Deep dish
China
1840-1900
Measurements
1-5/8 in x 10-1/4 in (dia)
Materials
Underglaze blue decorated porcelain
Credit Line
Historic Odessa Foundation, The David Wilson Mansion, Inc.
Accession Number
2011.7
Condition Notes
The deep dish has a chip in the rim at the site of a short hairline crack.
Provenance
Ex coll. Mrs. E. Tatnall (Mary Corbit) Warner
Comments
This deep dish, a common table form of the 18th and 19th centuries used for stews and soups, is a good example of inexpensive Chinese porcelains decorated in Canton and made for export to the West.
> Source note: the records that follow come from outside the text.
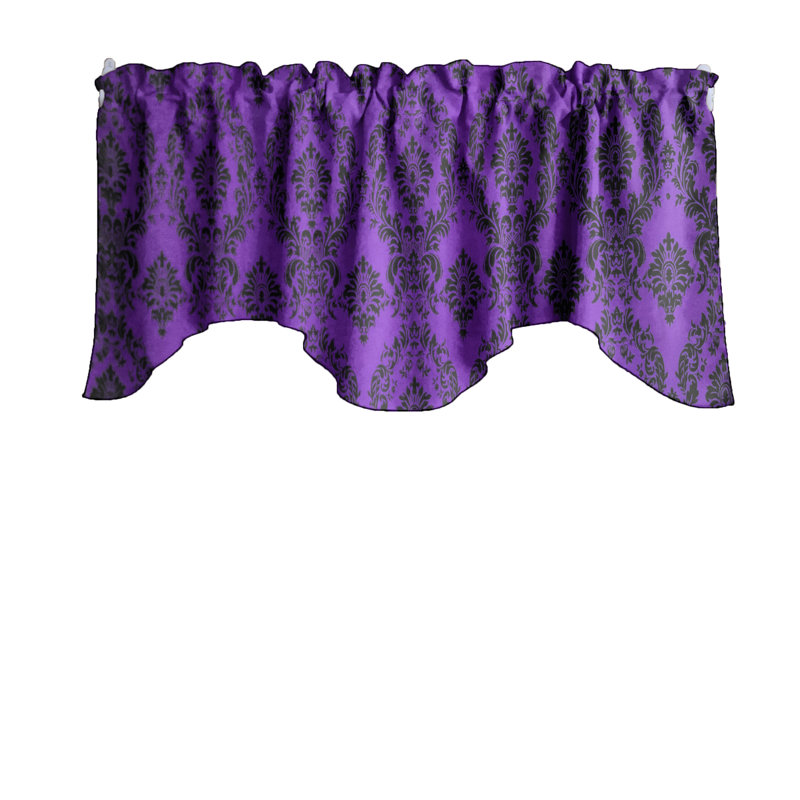 Cantonnière damassée festonnée, Noir / mauve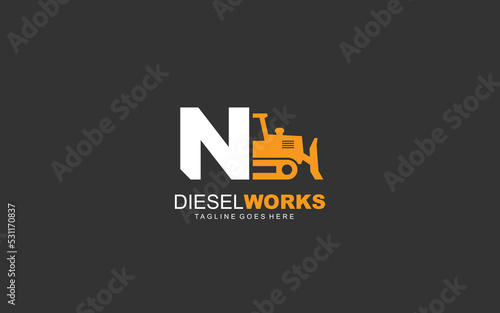 N logo excavator for construction company. Heavy equipment template vector illustration for your brand.
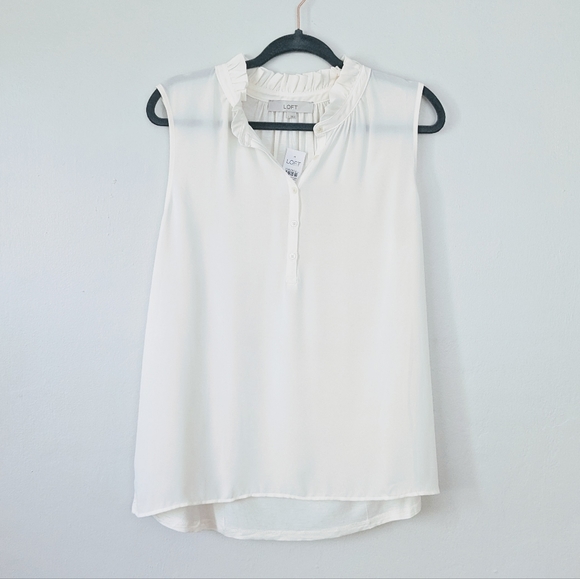 LOFT Ruffle Mixed Media Shell - Picture 2 of 5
The painted design in the center incorporates conventional imagery of Chinese buildings on the right, another on the left separated by water, a bridge over water at the bottom, boats in the water, and a distant landmass. Two blue shapes in the upper right are probably images of mountains. The rim has the usual blue band with an inner band of scalloped leaves. Numerous repetitions of this design introduced extrapolations and abstractions that in later wares such as this may be difficult to discern without reference to earlier Chinese porcelains.
In addition to a chip, the rim edge has a second chip that is covered by blue glaze, indicating it occurred when the plate was made. Such cover-ups of damage occurred from time to time among these inexpensive wares.